(Exercise data Opens)

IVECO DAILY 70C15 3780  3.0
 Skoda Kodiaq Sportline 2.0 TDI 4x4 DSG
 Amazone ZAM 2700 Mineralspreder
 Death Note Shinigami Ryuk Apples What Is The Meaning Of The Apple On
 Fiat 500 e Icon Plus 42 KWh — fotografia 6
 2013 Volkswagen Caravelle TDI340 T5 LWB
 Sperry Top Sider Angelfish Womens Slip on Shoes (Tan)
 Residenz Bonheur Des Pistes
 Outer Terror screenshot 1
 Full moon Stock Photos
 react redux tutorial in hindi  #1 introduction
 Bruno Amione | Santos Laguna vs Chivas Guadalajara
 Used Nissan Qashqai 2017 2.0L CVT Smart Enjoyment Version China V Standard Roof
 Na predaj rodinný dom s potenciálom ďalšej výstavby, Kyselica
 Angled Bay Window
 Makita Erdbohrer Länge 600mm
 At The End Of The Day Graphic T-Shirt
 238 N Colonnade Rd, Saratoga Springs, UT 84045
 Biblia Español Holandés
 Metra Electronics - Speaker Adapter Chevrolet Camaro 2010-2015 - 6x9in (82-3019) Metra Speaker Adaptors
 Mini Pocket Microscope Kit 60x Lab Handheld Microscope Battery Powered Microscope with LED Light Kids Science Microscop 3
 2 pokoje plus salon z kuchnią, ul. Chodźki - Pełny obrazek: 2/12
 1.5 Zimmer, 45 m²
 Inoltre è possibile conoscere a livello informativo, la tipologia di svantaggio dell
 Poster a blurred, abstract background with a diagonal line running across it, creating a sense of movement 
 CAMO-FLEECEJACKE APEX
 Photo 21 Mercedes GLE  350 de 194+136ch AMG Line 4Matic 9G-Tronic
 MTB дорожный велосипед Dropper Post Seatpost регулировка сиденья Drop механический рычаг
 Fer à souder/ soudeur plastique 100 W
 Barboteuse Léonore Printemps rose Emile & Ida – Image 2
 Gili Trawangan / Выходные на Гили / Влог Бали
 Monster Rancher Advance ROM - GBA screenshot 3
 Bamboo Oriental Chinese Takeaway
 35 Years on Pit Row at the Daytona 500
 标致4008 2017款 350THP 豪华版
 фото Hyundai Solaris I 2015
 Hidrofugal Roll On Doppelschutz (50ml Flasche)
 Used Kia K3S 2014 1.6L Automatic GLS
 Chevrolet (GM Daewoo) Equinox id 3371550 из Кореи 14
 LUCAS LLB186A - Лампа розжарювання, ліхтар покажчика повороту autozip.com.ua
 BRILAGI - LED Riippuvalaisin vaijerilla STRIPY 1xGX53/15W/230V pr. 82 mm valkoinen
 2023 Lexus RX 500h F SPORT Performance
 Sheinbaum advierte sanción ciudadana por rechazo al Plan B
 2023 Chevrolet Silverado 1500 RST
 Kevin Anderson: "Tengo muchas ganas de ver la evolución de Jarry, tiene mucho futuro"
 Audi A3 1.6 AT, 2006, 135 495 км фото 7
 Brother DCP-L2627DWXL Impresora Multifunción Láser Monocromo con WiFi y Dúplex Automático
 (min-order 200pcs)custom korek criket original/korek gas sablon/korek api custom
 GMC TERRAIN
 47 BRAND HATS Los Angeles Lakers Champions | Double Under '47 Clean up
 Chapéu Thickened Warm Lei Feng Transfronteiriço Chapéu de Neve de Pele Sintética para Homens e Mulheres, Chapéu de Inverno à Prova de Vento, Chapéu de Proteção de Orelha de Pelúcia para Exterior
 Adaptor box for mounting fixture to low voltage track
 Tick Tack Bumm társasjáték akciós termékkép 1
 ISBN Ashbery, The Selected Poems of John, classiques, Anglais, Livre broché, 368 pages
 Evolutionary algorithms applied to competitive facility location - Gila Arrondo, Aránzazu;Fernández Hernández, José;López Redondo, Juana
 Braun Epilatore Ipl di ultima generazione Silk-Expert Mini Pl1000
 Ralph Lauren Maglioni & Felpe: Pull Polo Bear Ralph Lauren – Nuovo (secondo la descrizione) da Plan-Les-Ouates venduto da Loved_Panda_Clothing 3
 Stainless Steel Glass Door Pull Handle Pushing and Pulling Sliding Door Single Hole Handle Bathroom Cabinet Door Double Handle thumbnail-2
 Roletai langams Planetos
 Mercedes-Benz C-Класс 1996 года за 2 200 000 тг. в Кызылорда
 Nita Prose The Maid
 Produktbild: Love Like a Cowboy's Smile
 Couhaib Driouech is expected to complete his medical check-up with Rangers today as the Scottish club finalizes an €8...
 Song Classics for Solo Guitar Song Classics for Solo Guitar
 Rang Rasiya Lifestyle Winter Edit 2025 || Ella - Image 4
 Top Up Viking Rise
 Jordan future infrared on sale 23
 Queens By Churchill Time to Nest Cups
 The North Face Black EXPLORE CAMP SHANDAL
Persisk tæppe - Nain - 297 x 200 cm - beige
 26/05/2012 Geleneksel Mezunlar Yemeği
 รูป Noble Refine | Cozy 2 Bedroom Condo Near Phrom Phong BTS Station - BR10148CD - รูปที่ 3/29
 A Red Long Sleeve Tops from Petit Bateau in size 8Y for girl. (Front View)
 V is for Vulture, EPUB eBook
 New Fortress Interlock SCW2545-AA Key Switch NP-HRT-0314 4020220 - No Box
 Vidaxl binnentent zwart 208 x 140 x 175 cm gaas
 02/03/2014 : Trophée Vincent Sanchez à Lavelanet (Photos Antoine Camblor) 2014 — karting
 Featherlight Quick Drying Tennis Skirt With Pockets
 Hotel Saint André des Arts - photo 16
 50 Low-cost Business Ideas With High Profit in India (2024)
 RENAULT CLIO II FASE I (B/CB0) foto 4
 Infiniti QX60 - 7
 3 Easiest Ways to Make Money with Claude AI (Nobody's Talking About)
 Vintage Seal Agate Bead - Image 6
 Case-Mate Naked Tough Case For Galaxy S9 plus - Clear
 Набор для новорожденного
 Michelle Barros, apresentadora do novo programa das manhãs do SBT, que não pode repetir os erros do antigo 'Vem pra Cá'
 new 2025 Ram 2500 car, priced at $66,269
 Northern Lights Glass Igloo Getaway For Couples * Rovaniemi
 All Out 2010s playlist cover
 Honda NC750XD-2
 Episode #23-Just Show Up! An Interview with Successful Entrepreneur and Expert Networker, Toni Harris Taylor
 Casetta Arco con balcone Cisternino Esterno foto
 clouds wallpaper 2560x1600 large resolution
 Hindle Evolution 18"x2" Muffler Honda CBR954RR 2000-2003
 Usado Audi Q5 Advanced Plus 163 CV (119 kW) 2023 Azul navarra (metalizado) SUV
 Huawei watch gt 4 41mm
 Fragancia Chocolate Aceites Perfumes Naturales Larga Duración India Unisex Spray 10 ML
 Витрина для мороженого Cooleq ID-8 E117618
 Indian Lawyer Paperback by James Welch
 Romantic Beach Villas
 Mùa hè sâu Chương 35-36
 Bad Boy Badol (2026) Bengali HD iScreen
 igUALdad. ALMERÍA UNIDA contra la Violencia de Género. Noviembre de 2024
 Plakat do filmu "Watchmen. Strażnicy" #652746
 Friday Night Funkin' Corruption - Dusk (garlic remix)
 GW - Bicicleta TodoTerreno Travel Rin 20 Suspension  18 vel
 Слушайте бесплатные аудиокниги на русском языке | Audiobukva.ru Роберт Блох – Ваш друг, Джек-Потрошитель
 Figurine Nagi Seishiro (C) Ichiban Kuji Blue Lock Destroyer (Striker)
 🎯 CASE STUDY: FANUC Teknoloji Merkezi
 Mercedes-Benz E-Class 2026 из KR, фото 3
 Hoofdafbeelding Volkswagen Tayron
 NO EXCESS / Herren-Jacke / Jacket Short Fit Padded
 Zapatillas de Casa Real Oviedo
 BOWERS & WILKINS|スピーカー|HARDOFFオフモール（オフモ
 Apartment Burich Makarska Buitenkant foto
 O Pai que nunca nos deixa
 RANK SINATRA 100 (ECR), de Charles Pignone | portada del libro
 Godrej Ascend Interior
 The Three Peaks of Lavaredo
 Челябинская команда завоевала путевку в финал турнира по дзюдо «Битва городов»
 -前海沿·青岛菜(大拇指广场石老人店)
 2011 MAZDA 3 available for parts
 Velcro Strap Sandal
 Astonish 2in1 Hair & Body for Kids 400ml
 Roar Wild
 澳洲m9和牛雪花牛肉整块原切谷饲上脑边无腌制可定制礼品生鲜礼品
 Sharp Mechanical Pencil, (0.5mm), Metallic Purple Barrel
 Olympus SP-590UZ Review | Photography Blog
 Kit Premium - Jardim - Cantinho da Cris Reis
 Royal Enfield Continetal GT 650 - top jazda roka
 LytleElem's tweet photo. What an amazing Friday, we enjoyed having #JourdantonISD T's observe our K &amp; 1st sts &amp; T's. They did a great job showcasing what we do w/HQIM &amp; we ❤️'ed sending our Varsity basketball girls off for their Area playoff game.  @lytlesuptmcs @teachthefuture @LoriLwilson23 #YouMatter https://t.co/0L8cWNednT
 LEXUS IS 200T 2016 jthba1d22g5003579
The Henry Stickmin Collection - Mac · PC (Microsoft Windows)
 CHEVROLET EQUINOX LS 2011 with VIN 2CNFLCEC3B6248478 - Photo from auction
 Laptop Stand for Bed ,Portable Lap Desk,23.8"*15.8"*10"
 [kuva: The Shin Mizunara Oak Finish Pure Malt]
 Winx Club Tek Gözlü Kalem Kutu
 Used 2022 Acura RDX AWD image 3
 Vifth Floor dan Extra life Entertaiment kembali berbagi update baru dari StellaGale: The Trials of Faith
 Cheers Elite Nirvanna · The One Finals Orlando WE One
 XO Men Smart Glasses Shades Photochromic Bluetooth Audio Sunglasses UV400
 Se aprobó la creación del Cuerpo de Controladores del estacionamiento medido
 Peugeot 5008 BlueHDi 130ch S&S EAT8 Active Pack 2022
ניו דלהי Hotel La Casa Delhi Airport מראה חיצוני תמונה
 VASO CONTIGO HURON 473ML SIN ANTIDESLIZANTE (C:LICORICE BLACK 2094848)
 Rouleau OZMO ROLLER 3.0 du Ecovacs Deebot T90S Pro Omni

(Exercise data Closes)

## Exercise
Once you find the line with "GMC TERRAIN" in the entries above, output it and each line after it up to and including the line with "Chapéu Thickened Warm", and nothing else.

## Response box
 GMC TERRAIN
 47 BRAND HATS Los Angeles Lakers Champions | Double Under '47 Clean up
 Chapéu Thickened Warm Lei Feng Transfronteiriço Chapéu de Neve de Pele Sintética para Homens e Mulheres, Chapéu de Inverno à Prova de Vento, Chapéu de Proteção de Orelha de Pelúcia para Exterior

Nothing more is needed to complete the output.